Binnen het kader van de grondrechten zijn er een heleboel organisaties waarbinnen men actief kan zijn: mensenrechtenorganisaties, maar ook milieu-organisaties of hulp aan vreemdelingen en asielzoekers. Maar je kunt het ook dichter bij huis zoeken. Er zijn genoeg mensen die meer verzorging nodig hebben dan ze krijgen en die het misschien heerlijk vinden als er af en toe iemand langskomt om iets voor hen te doen. Nogmaals, zoek het niet alleen in het grote. Het nabije, iets doen voor iemand in de omgeving, is ook belangrijk.

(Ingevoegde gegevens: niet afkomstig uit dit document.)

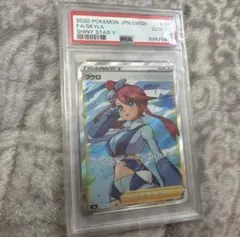 フウロ SR S4a シャイニースターV 195/190 PSA10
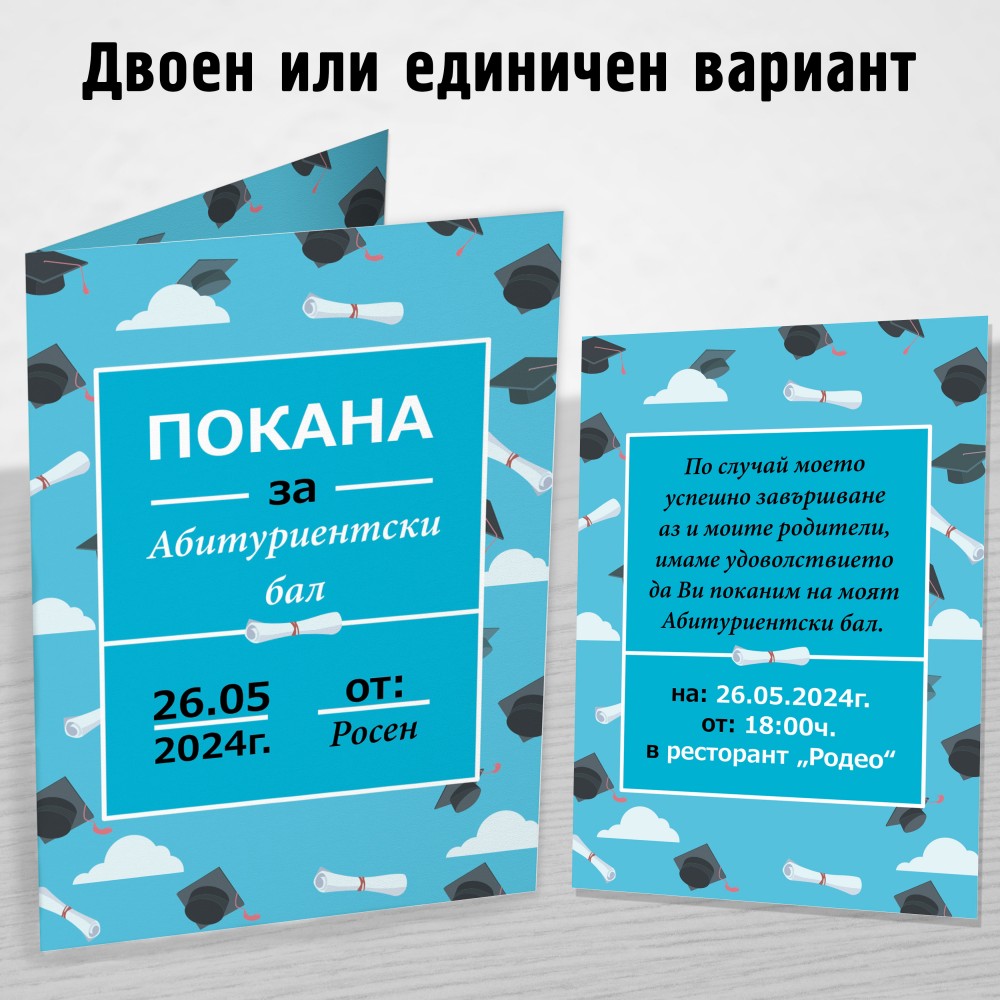 Покана за Абитуриент 15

Dat is de kant die wij uit willen. We zijn dit jaar begonnen met een handboek voor 4 en 5 mei, waarin een opstel over de grondrechten staat. Voor 1991 werd de vrijheid van godsdienst uitgekozen, omdat 5 mei op een zondag viel. Bovendien is het het oudste grondrecht van Nederland. In de komende jaren proberen we in de scholen het grondrechtthema een plek te geven naast het (oorlogs)verleden, zodat binnen het vaste onderwijspa-troon zowel aandacht wordt besteed aan de jaren ‘40-’45 als aan de grondrechten. Op die manier koppelen we het verleden, die vijfjaar waarin de grondrechten waren afgeschaft, aan het heden, nu de grondrechten er wel zijn en we ons afvragen hoe we daarmee om moeten gaan.
Ik denk eigenlijk dat er heel veel mensen zijn die het verleden tot motor van hun bestaan willen maken. Ik hoop dat degenen van u die denken dat het griezelig is, dat toch aandurven. Want nogmaals, af en toe schiet er een brok in je keel en dat gebeurt altijd op het verkeerde moment, maar niemand vindt dat erg, heb ik gemerkt. En na een tijdje is het weer over en denk je: gut, het is weer gewoon, en dan voel je je prettig door de erkenning en waardering.